ShobiStassen / VIA

trajectory inference
https://pyvia.readthedocs.io/en/latest/
MIT License
78 stars 20 forks source link

subPARC graph weight calculation #14

Closed GreenGilad closed 2 years ago

GreenGilad commented 2 years ago

Hi again,

I am going through the code of run_subPARC and notice that:

Is there a specific reason why we would want these values to be different? (It changes the weight values quiet a bit)

ShobiStassen commented 2 years ago

hi, the graph made in the make make_csrmatrix_noselfloop() function gives the csr matrix (csr_array_locallypruned) where we have distance + 0.01. This graph is used for clustering only and not for the random walk functions. The clusters derived from this stage are then used as the labels in the vertex graph constructed later (as ig_full_graph)

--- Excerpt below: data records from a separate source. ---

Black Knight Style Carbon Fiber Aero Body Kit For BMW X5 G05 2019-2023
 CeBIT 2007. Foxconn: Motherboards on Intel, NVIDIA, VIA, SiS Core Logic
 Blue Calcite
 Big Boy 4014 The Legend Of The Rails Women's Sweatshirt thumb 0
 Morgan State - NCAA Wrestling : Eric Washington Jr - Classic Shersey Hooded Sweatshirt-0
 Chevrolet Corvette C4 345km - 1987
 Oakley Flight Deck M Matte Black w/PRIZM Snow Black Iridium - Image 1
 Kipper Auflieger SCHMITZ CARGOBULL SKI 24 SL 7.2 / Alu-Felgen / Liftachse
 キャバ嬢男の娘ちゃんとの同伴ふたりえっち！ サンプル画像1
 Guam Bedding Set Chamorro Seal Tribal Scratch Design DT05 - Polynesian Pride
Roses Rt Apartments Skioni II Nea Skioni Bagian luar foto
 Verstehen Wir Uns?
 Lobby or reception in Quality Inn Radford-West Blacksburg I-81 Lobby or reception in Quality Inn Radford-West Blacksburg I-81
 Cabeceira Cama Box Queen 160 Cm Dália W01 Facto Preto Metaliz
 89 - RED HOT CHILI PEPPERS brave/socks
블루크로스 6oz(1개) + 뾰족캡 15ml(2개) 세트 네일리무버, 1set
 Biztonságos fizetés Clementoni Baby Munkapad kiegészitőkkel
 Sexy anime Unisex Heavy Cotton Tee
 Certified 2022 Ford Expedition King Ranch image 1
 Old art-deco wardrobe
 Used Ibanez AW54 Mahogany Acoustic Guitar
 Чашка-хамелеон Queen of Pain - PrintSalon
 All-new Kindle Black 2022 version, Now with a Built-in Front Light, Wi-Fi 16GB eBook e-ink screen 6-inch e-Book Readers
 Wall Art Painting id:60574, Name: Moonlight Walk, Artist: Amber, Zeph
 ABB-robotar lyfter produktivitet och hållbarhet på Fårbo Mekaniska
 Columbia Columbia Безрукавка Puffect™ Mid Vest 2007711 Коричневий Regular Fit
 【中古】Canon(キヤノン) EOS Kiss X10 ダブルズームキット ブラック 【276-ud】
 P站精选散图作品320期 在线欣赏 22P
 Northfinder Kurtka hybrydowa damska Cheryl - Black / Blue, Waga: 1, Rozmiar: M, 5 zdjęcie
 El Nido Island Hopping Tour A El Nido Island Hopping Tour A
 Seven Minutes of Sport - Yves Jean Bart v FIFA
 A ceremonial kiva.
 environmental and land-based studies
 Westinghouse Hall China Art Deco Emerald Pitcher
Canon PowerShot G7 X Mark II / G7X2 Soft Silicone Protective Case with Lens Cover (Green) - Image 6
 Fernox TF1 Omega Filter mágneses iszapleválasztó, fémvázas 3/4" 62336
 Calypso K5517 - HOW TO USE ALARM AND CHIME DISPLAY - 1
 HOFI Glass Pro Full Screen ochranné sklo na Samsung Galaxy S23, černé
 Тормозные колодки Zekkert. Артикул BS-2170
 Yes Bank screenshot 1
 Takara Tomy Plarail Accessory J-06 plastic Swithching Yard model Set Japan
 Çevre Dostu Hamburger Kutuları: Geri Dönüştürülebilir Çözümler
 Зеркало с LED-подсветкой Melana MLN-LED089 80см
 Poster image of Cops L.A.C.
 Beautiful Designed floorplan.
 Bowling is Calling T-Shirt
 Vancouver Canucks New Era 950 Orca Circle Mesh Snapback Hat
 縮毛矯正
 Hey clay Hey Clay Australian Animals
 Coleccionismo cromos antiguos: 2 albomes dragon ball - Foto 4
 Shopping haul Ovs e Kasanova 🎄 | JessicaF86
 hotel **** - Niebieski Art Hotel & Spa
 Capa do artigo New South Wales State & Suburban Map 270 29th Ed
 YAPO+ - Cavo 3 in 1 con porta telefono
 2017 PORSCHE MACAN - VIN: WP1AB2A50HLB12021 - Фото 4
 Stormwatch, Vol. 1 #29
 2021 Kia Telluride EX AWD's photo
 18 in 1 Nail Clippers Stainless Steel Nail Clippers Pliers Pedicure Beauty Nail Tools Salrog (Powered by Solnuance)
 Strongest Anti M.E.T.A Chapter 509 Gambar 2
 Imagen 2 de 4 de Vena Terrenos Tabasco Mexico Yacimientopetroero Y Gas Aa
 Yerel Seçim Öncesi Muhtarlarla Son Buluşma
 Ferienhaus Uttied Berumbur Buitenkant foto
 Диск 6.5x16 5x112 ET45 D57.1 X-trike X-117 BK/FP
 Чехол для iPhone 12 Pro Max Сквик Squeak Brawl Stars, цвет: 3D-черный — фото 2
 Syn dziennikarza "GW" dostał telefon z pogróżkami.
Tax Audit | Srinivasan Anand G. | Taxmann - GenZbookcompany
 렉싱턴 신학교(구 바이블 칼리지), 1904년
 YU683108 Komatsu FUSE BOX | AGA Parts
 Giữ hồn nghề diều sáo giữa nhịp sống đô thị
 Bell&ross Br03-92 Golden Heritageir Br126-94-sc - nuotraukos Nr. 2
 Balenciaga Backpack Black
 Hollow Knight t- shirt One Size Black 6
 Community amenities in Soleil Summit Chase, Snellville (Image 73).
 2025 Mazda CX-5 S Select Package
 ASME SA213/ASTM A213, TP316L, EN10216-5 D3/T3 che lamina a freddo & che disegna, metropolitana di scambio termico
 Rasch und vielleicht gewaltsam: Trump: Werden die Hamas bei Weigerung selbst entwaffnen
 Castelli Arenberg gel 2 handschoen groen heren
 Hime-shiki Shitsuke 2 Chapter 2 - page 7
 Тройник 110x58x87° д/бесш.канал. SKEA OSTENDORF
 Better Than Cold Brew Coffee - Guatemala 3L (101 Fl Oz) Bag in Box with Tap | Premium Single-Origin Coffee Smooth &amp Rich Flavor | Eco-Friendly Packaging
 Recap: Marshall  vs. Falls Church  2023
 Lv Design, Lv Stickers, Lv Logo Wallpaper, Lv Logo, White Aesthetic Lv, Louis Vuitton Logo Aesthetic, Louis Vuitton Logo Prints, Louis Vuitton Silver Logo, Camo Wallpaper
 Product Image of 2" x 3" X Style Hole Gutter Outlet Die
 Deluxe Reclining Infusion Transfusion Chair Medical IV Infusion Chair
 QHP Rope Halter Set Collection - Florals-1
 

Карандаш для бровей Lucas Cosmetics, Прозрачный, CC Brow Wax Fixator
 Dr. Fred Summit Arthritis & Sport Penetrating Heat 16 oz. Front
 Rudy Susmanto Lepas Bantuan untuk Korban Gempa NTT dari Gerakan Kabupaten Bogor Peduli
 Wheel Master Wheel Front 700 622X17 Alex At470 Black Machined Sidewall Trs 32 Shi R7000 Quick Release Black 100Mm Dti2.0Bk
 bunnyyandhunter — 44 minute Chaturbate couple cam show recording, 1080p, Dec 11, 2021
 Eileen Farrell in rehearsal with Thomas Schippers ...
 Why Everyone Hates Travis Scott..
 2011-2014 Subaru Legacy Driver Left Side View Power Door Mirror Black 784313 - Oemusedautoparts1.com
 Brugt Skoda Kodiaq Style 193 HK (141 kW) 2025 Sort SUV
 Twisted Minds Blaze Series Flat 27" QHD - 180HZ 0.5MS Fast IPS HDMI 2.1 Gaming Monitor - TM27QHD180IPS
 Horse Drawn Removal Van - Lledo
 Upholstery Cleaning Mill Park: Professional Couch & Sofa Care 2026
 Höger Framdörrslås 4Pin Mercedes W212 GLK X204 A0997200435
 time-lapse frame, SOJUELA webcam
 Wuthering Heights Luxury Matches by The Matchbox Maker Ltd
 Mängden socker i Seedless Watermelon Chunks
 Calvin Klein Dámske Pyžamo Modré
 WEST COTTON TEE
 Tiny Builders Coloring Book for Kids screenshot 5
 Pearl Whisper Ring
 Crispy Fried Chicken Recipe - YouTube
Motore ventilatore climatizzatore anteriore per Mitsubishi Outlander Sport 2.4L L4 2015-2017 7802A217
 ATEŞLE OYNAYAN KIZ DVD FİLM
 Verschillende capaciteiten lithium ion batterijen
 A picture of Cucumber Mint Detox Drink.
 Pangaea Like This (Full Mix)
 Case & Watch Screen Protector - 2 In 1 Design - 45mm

We create a second graph that is used for the random walk (pseudotime) purposes that is created with the distance +0.05 factor. This is the ig_full_graph (csr_full_graph in csr form, or igraph format in the ig_full_graph case) which is used for randomwalk related functions. The vertex clustergraph is made from the ig_full_graph where the vertex labels are designated by the clusters found in the clustering of the csr_array_locallypruned graph. As such there are two pruning parameters that can be set by the user. One for the clustergraph that is used for the randomwalk functions. And one for the graph that is input to the Leiden clustering method. It is also fine to do your own clustering and use these clusters to make the vertex clustergraph. I have tested this for the paper with kmeans clustering to show that one doesnt have to use the PARC or Leiden framework of clustering for VIA, but have not yet coded this in for the end user. (although one can simply pass in a variable that overwrites the Leiden cluster labels with your own clusterlabels as this is mainly used when setting up the vertex clustergraph used for random walks and Trajectory )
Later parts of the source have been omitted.